MATERIAL FOR THE TASK:
=====
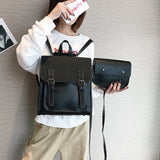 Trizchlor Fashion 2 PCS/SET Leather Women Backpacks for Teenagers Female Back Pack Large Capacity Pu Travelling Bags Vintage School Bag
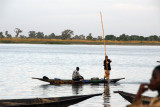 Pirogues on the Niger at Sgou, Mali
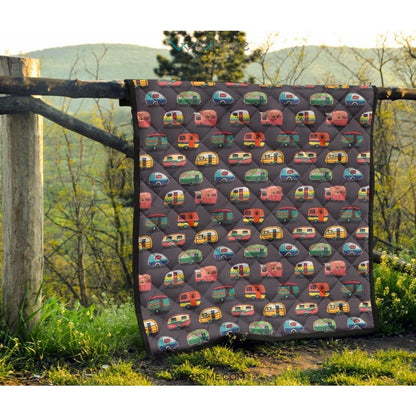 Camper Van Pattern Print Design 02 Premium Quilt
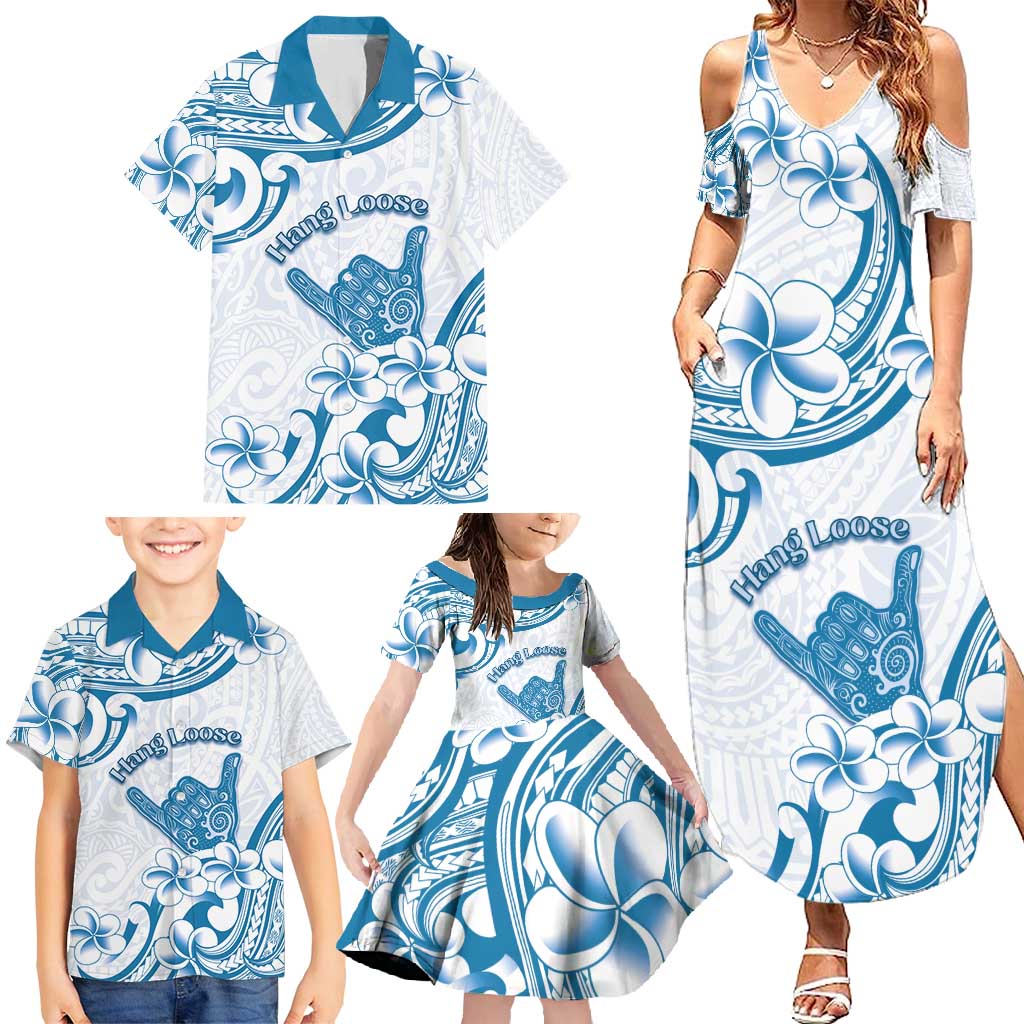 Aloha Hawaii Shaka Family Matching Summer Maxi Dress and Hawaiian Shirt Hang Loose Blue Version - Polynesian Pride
=====
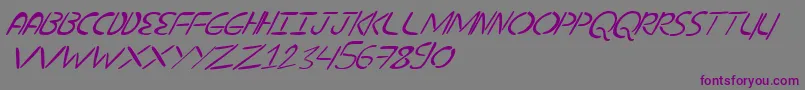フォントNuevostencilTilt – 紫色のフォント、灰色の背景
=====
DIRECTIONS:
Print nothing except the lines above from the one containing "Trizchlor Fashion 2" down to the one containing "Aloha Hawaii Shaka", both included, exactly as written and free of pictures.

YOUR RESPONSE:
 Trizchlor Fashion 2 PCS/SET Leather Women Backpacks for Teenagers Female Back Pack Large Capacity Pu Travelling Bags Vintage School Bag
 Pirogues on the Niger at Sgou, Mali
 Camper Van Pattern Print Design 02 Premium Quilt
 Aloha Hawaii Shaka Family Matching Summer Maxi Dress and Hawaiian Shirt Hang Loose Blue Version - Polynesian Pride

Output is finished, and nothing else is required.